Can’t wait for the plain 100 version. It should get around 300+ miles range.

Love the S but prefer our X because of automatic front doors, falcon wing doors, comfortable seats, easier to get in and out, three rows of seats with 6 seats total, more cup holders and USB ports for all rows, large windshield allows more enjoying the sceneries, just feels like a next generation car.

How’s the reliability been with the X? How does it compare with the S?

Model S has been built for a lot more years, they just started making the X in numbers this year so fit and finish on the S are naturally more refined. If you compare the 2013 model S to the 2014 you will also see a huge difference. But I feel blessed I can drive the X now instead of waiting a few years for refinement, 6000 miles since May and no real reliability issues on the X, but got some improvements in terms of wind noise done, for free.

Anyone notice in the spreadsheet that the 60KWh pack charges at the same time and rate as the 75KWh and 90KWh packs?

😛

@Troll
“Anyone notice in the spreadsheet that the 60KWh pack charges at the same time and rate as the 75KWh and 90KWh packs?”

The rate is note the same. The bigger batteries charge at a higher rate-MPH.
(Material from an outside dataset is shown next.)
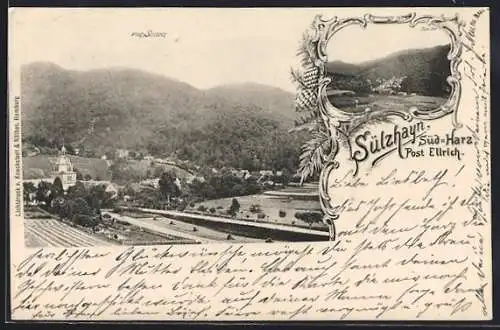 AK Sülzhayn /Süd-Harz, Ortsansicht vom Süden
On the supercharger maybe but not when home charging which those rates are about.

They all say….
“with 80A dual charger option”

If this is an official EPA something, it’s officially a wrong EPA something…..lol

…its an official EPA thing

I was wondering the same thing. Do smaller battery Teslas have lower power on-board chargers? If they’re all 80A rating for higher power, then it seems smaller battery Tesla would be wasting energy, or does it have taper?

They all taper as they reach battery capacity. The facelifted “60” does less so, only because it’s actually a 75kwh.

Tesla doesn’t provide 80A onboard charging. That’s ~20kw. The default had been 10kw (~40A at 240v). Now, its up to 46, I think. 80A was the dual charger option. Much more popular when their weren’t Superchargers and Tesla folk were out there making it to each other’s homes, where some were nice enough to have the 80A EVSE’s ready to plumb into those dual-chargers (~60 miles per hr).

48A now with a 72A option. I guess these are 2 and 3 charger modules respectively.

The big “issue”, that got hotter here at the end of Q3, was discounts on the 75s. More for Model S, but it raises the same issues for X.

How much do you pay extra for a 75, when the 60 comes with a 75kwh battery, and can be daily charged to 100% of 60kwh? All Tesla’s are otherwise recommended to charge only to 89%-90% of their stated range (for the sake of the battery). Range charging should be reserved for long trips, and this is the “60”s give-up.

The EPA numbers in both S and X show the lowest 60D providing 84% of its respective 75’s available range, not 89%. While some are equating a 60D to a 75D for daily duty, it isn’t quite the same. Maybe someone with a 75 can chime in, but I believe daily range would be higher by that missing 5% or ~12 miles. Something like ~230 versus the stated 218.

Confirmed – “232” “234” from this thread:
http://tinyurl.com/z4k8os5

Woah, Bolt beats the 75D.

It beats all the listed Xs on city range. Of course it’s a much much lighter vehicle. I wonder how much the new stronger regen in the Teslas will help around town?

The Bolt EV ties the Model X 75D on combined range at 238 miles.

However the base Model X 75D starts at $84,200 and the Bolt EV starts at $37,495.

The Model X seats up to seven, has BioMode air filtration, more legroom, more headroom, charges faster (yes, at home, not superchargers), has a supercharger network for cross country travel, titanium skid plates, DC charging, panoramic windshield, et al.

What does the Bolt have? If you want an apples to apples comparison, try the Model 3.